For more information on Vitamin K specifically, check out our blog Have You Heard of Vitamin K? at https://doctords.com/blogs/news/have-you-heard-of-vitamin-k
Why Vitamins D and K?! Here is what the research says ...
There has been a lot of research into the health benefits of Vitamin K2, specifically. This may be because studies have shown that vitamin K2 has a more powerful effect on bone health compared to vitamin K1. In terms of bone health, it has been shown that menaquinone-7 (the predominant form of vitamin K2) stimulates something called osteoblastogenesis (meaning the production of osteoblasts, cells that make bone) and decreases something calledosteoclastogenesis (meaning the production of osteoclasts, cells that degrade bone). It has also been shown that the combination of vitamins K and D can significantly increase the total Bone Mineral Density (a measure of how strong your bones are), with a better effect when K2 is used. Another study on postmenopausal women with osteoporosis had similar conclusions, stating that the combined use of vitamins D3 and K2 were useful in increasing Bone Mineral Density in the lumbar spine (in fact, this study found the combination even more protective than vitamin D3, vitamin K2 and calcium supplements alone!). Yet another study (published in October of 2020) suggests that vitamin K2 supplementation may improve bone quality and reduce fracture risk is patients with osteoporosis, potentially even increasing the effectiveness of calcium and vitamin D supplementation.
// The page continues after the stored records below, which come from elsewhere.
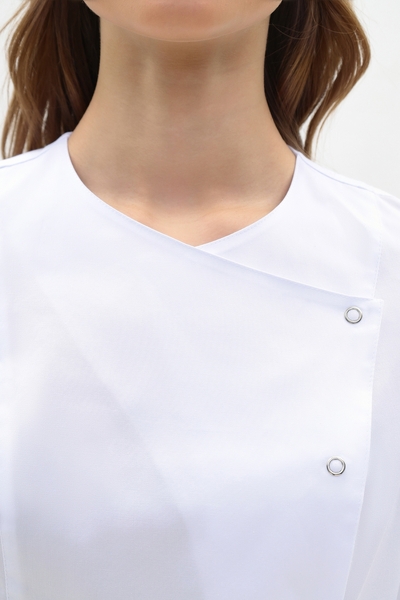 3-90-24-3 Рубашка жен. (Ultra, 3/4 рук, кн) (0, Нет, 42 размер, 170-176)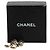 Orecchini pendenti Chanel CC Classic Flap Bag placcati oro con smalto e perle finte D'oro - vista 4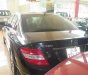 Mercedes-Benz C300   AT 2008 - Bán ô tô Mercedes C300 AT đời 2008, màu đen, nhập khẩu nguyên chiếc số tự động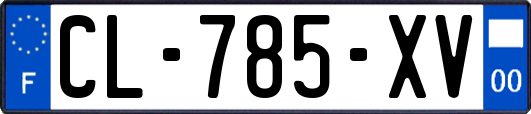 CL-785-XV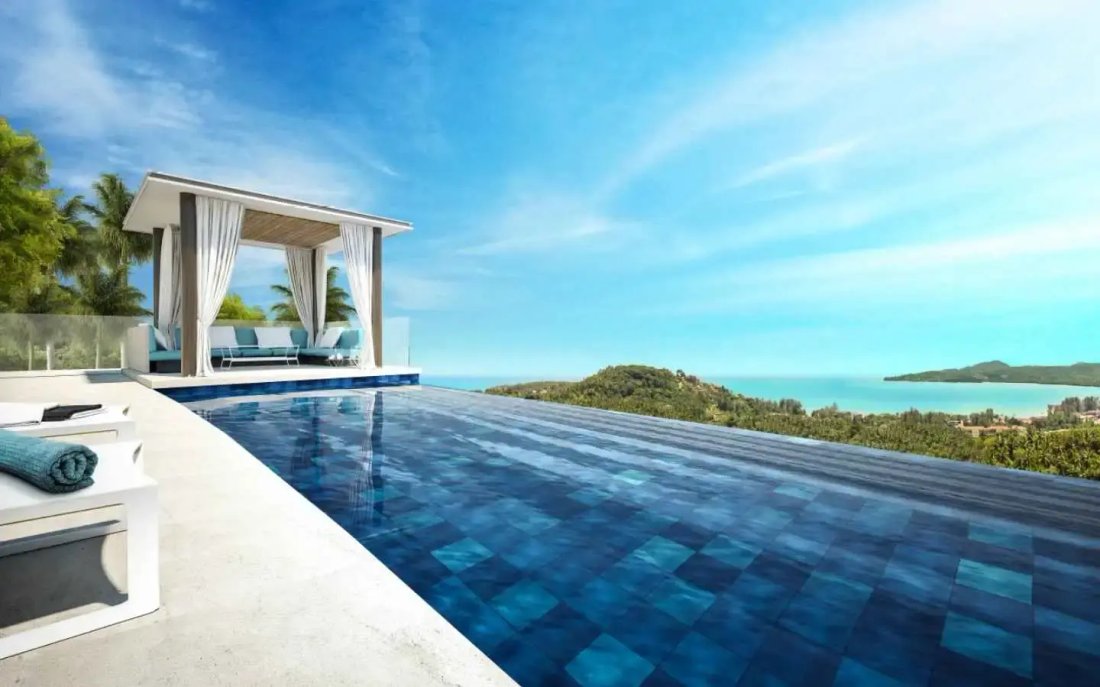 Condo in Choeng Thale, Phuket, Thailand 1 - 15120080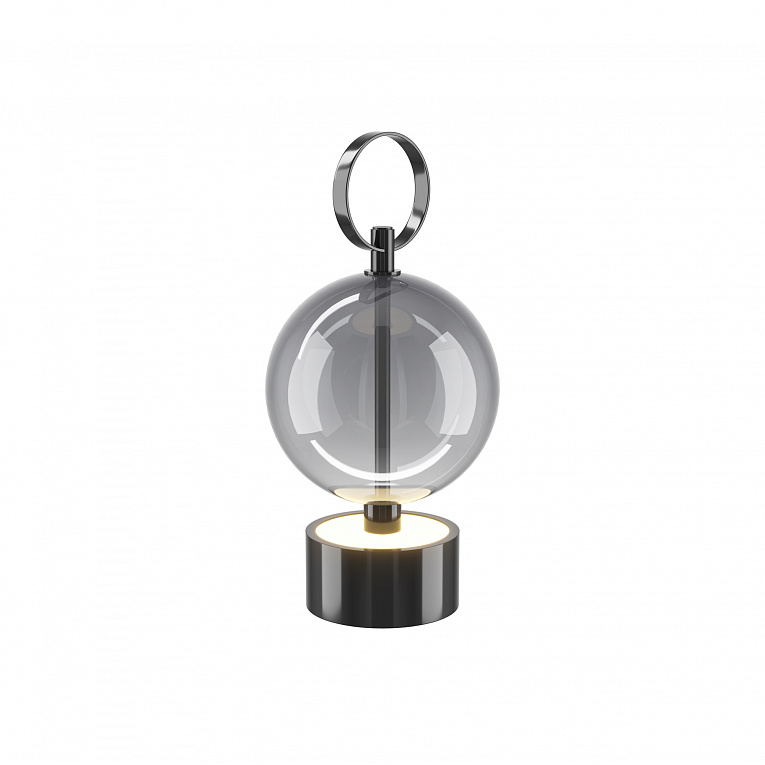 Лампа настольная Maytoni Double Moon / Дабл Мун MOD478RL-L3B3K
There is also some research to suggest the important role that K2 plays in heart health. For example, a 2009 study on middle aged men and women found that a higher intake of vitamin K2 was linked with a lower risk of coronary heart disease (whereas there was no association found between K1 and coronary heart disease). Another interesting feature to note about K2 is the protective effect against calcium deposits in the arterial walls. It is widely accepted and beneficial to take calcium in order to promote bone health and prevent osteoporosis. An unfortunate risk of this, however, is that elevated consumption of calcium may increase the risk for heart disease due to the deposit of said calcium into the blood vessels. Vitamin K2 has been found to inhibit this arterial calcification and stiffening. Therefore, an increase intake of vitamin K2 could mean lowering these (sometimes necessary) health risks of calcium supplementation.
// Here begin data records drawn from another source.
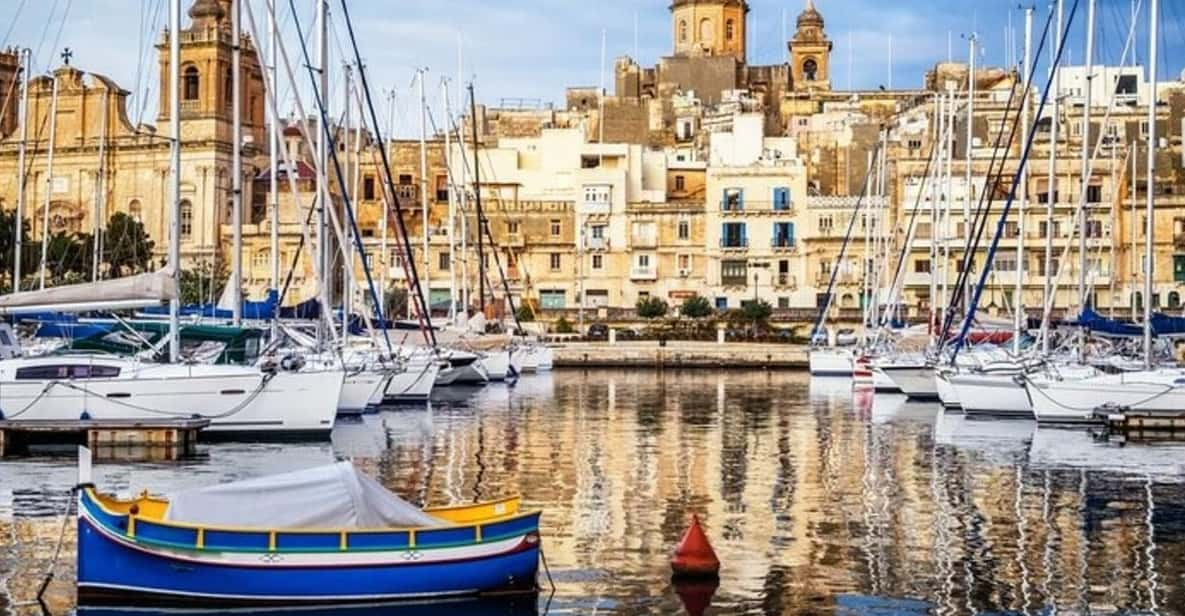 Valletta : Highlights & Hidden Gems Walking Tour - Good To Know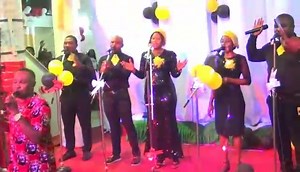 52 reactions · 11 comments | RECEIVE THE GRACE OF MEGA BLESSINGS AND EXPANSION ....IN JESU'S CHRIST NAME ...HAPPY NEW MONTH | Evang. Nnamdi Ewenighi Music Ministry | Facebook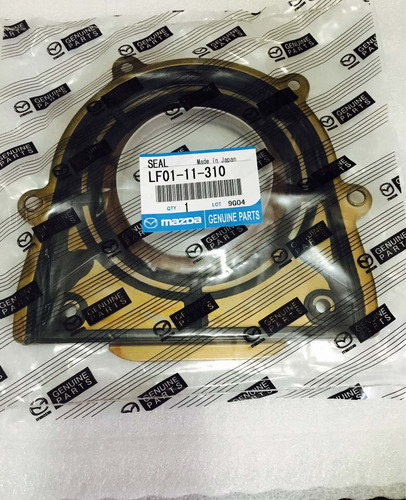 Estopera Trasera Ciguenal Ford Ecosport 2.0 Focus 2.0 Durate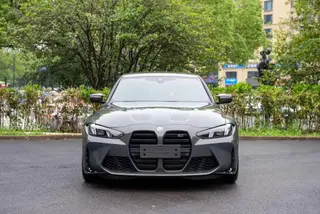 BMW M3 2024 M3 Berline quatre portes Version Thunder extérieur photo 2 BMW M3 2024 M3 Berline quatre portes Version Thunder extérieur photo 2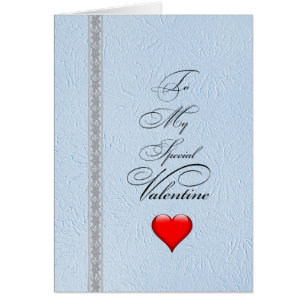 Valentine - My heart is the canvas of your love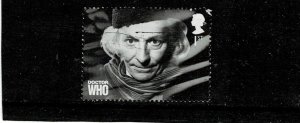 GREAT BRITAIN 2013 ANNIV OF DR WHO USED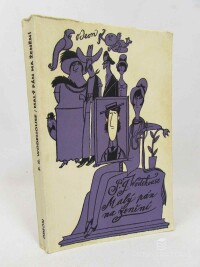 Wodehouse, Pelham Grenville, Malý pán na ženění, 1974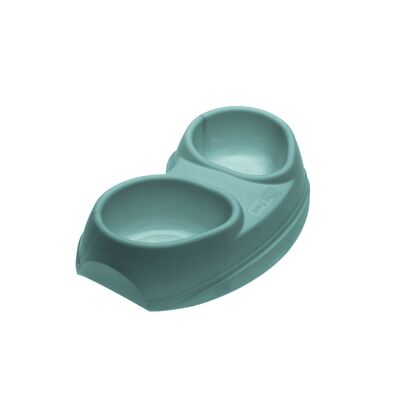 Miska Mięta 2 x 200 ml SPACE BOWL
Remember- ALWAYS speak to your health care provider to determine your specific benefit and risk analysis before starting or stopping any supplementation! Especially if you are on other medications, such as blood thinners.
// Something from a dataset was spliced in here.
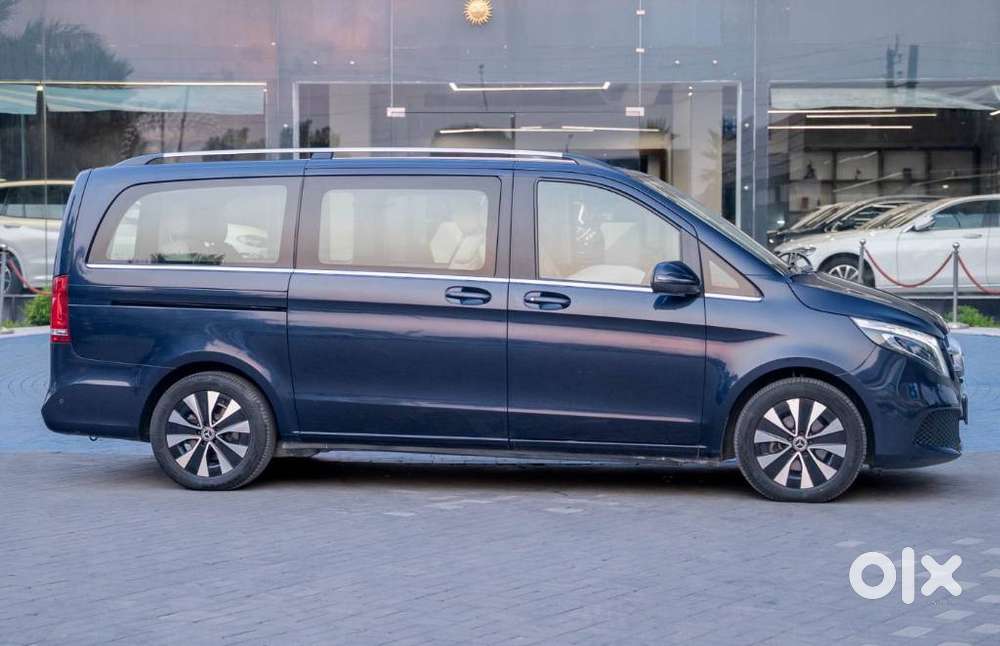 Mercedes-benz V-class 2.1 220 Expression Diesel At, 2021, Diesel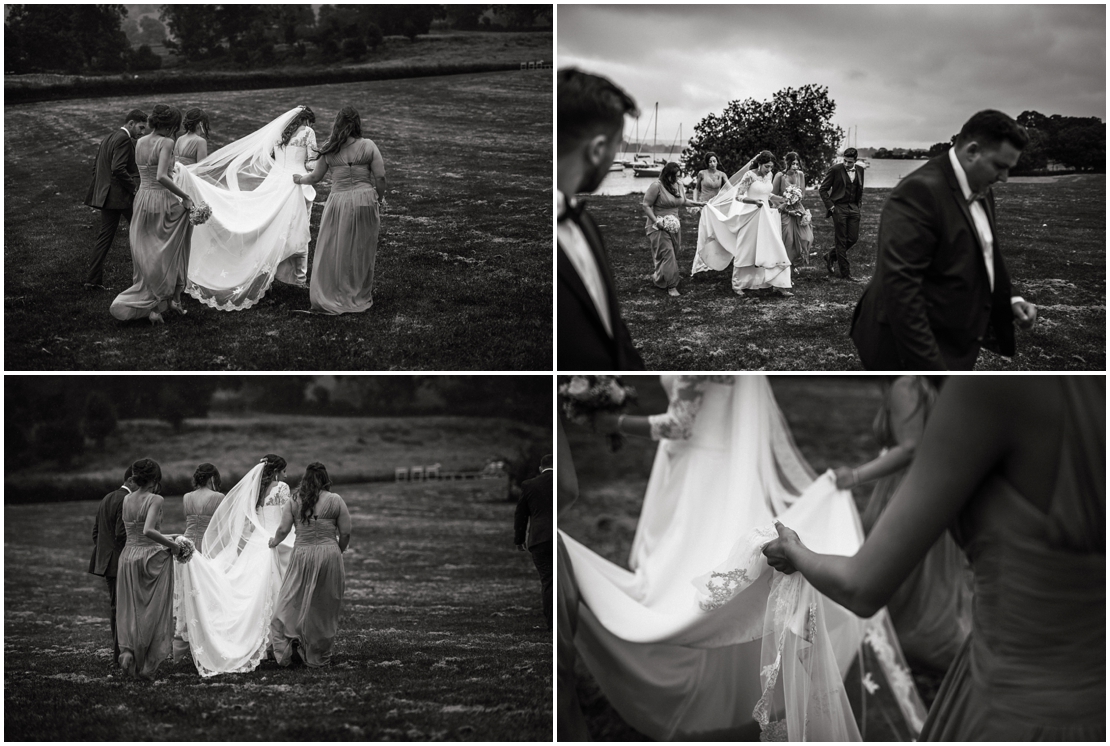 lake district tipi wedding ullswater 0107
Dr. D’s Vitamin D3 plus K2
Because of all the research behind K2, and the combined protective effects of vitamins D and K, we chose to pair the two, vitamins D3 and K2 (menaquinone-7) in our first vitamin supplement. Vitamin D is a vital contributor to overall health.
What is so special about this supplement is that it made with Polyshield Technology™- the first of its kind, GLOBALLY. Polyshield Technology™ stems from the pomegranate peel, which research shows is packed with polyphenols. Polyphenols are antioxidants that exist in certain plant-based foods and contain anti-inflammatory and antimicrobial properties. There are many scientific studies demonstrating the health benefits of pomegranate extracts including antibacterial, antiviral, blood lipid lowering and anti-inflammatory properties. The peel accounts for roughly 60% of the pomegranate fruit, and possesses more antioxidant activity than its seeds, juice and pulp.
Polyphenols extracted from the pomegranate peel are used in this shielding technology to protect the vitamins and minerals. The shield formed protects the core molecules and reduces interaction with the enzymatic reactions involved in metabolism. Due to its optimal stability, the shield allows its nutrients to remain protected as they travel through something called First-Pass metabolism, which is breakdown by the liver.